Americanah is an engaging book, dense with opinions, descriptions, characters and points of view. It expands geographically, timely, emotionally, always giving much importance to the words used. Even though the end comes suddenly yet also predictably, this book has the quality to enrich the reader.

 


Teresa Iglesias Lopez, WAVE Intern

Young and in love, Obinze and Ifemelu go through their teenage and early adulthood years happily and in relative tranquillity in Nigeria. Yet, the repeated strikes at university push Ifemelu to move to the United States to pursue her degree and seek better opportunities for her future. They decide that she will go first and Obinze will join her as soon as he can. Things happen differently than expected and Obinze ends up going to the UK in search of a better life for himself. After reading a few pages, you soon find yourself immersed into the story and the lives of Ifemelu and Obinze. Through their thoughts, writings and dialogues you start identifying with them and share their doubts, fears, joys and hopes.

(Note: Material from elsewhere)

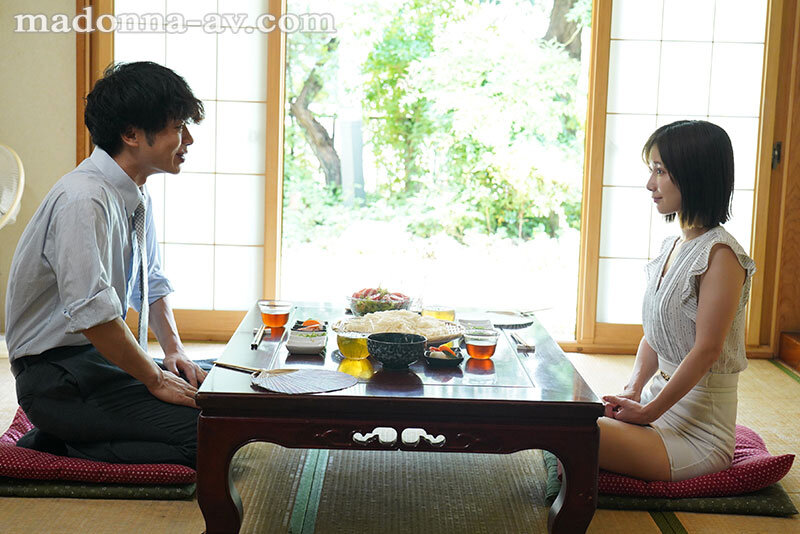 汗ほとばしる人妻の圧倒的な腰振りで、僕は一度も腰を動かさずに中出ししてしまった。 小島みなみ小島みなみ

With subtlety, humour and frankness, through Ifemelu and the many different persons she comes across in her life, and through detailed accounts of even what could at first appear as the most insignificant events, Adichie manages to give the lector a sense of the issue of race and racism in the USA. She uses the theme of hair, especially black women´s hair, to bring another dimension and a deeper understanding of what someone might have to go through in order to “fit” into a new society. With such a simple human feature, hair, Adichie manages to convey messages about identity, loss and struggles of race.

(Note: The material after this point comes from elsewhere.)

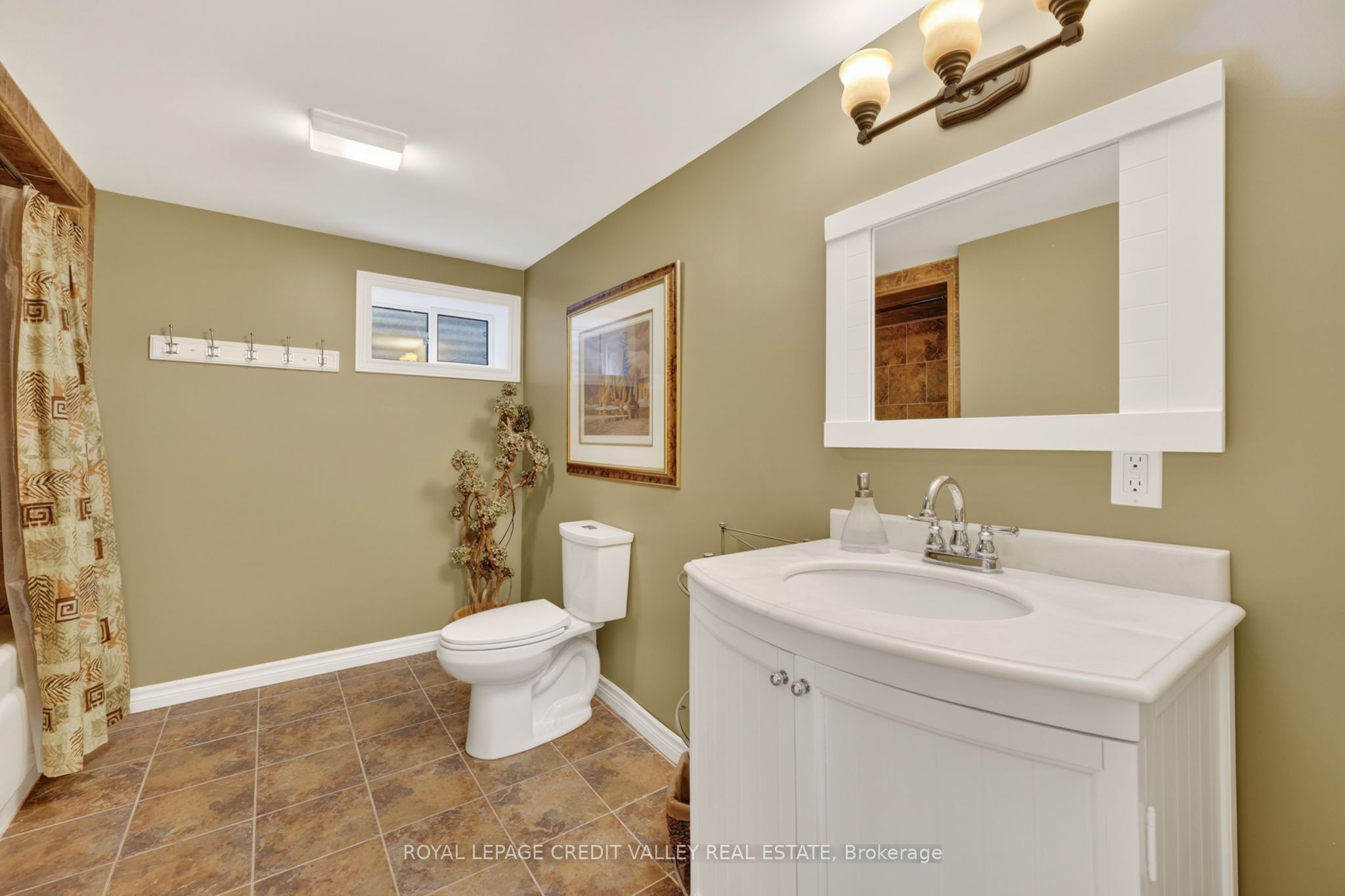 52 Terra Cotta Crescent Property Photo 36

The book however also brings closer the issue of (il)legal immigration, especially through Obinze’s character and the people he meets along the way. It gives immigration to “richer” countries a human face by telling the stories behind it.

They would not understand why people like him, who were raised well-fed and watered but mired in dissatisfaction, conditioned from birth to look towards somewhere else… were now resolved to do dangerous things, illegal things, so as to leave, none of them starving, or raped, or from burned villages, but merely hungry for choice and certainty.

Finally, the book also deals with the concept of identity, sense of belonging, and what it is to feel truly “at home”. Even when everything seems to be going well and Ifemelu could be described as someone successful, who “made it” in the US, she still does not feel quite satisfied with her life, as if something was achingly missing.

[…] yet there was cement in her soul. It had been there for a while, an early morning disease of fatigue, a bleakness and borderlessness. It brought with it amorphous longings, shapeless desires, brief imaginary glints of other lives she could be living, that over the months melded into a piercing homesickness.

Americanah does not only tell a great story, it also makes you see things differently and challenge your assumptions. It will grip you completely and you won´t be able to put the book down until you reach the very end.